Britton Peele: Can you tell me your name and your position at id Software?

 

Marty Stratton: My name is Marty Stratton. I’m an Executive Producer at the studio. I manage one of our development teams, but really since I started at the studio back in 2000 I’ve been a part of organizing Quakecon.

 

BP: Can you give me a brief overview of what exactly Quakecon is?

 

MS: Really it kind of has evolved from where it started. In its current form it’s a large celebration of game fans and gaming. It’s an event that’s open to consumers, which is kind of rare in our industry. Big trade shows like E3 and Gamescom over in Europe are industry only. Gamescom does have a consumer facet of it, but it’s pretty rare in the game industry to have something where people can just come in, play the games, meet the developers of those games.

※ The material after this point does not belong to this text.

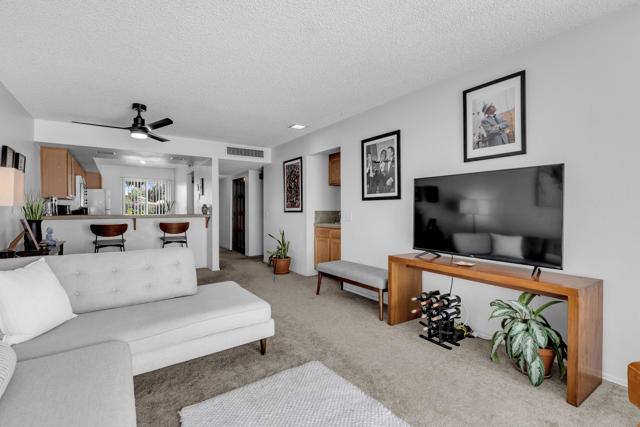 35970 Lindera Court, Rancho Mirage CA: https://media.crmls.org/mediaz/6fadbf81-7186-4761-8a81-95dcf0acbeb4.jpg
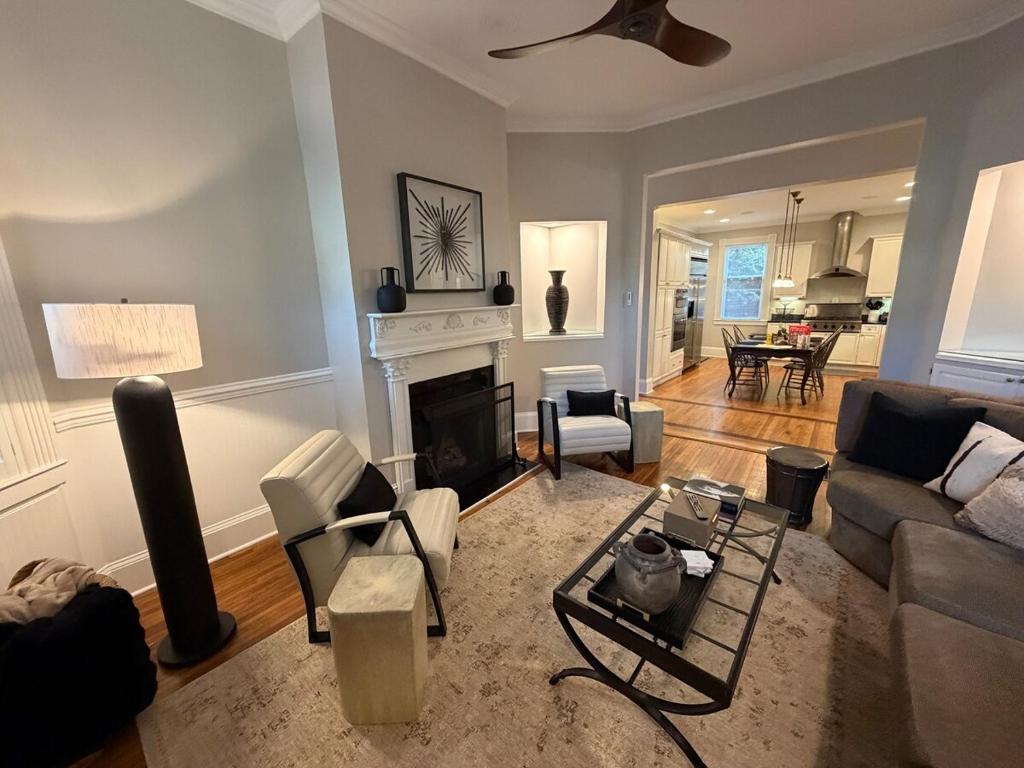 ein Wohnzimmer mit Couch und Kamin in der Unterkunft Charming Historic Charlotte Home in Charlotte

And that’s really kind of how it started. It started back in ’96 with a group of fans of our games – of Quake – when they met in a chat channel and said, ‘Hey, let’s get together in Dallas and play against each other on a LAN.’ John Carmack came down and talked to them – it was less than 100 people at that first [Quakecon]. And as id started to get more and more heavily involved in it, helping facilitate the volunteer effort, bankrolling much of it, the event grew from about 100 people back then to this year where we expect well over 8,000 people.

 

We have a great exhibit floor, where people can see the latest games. We have what’s called the BYOC, where people can bring their computers, hook them up to a super fast LAN that we built – the largest LAN party in North America. We have events, we debut games, we debut trailers [of products] that both id and Bethesda are working on. And we have developers that are making the games sit down and do roundtable discussions and talk about the games that they’re making and how they make them.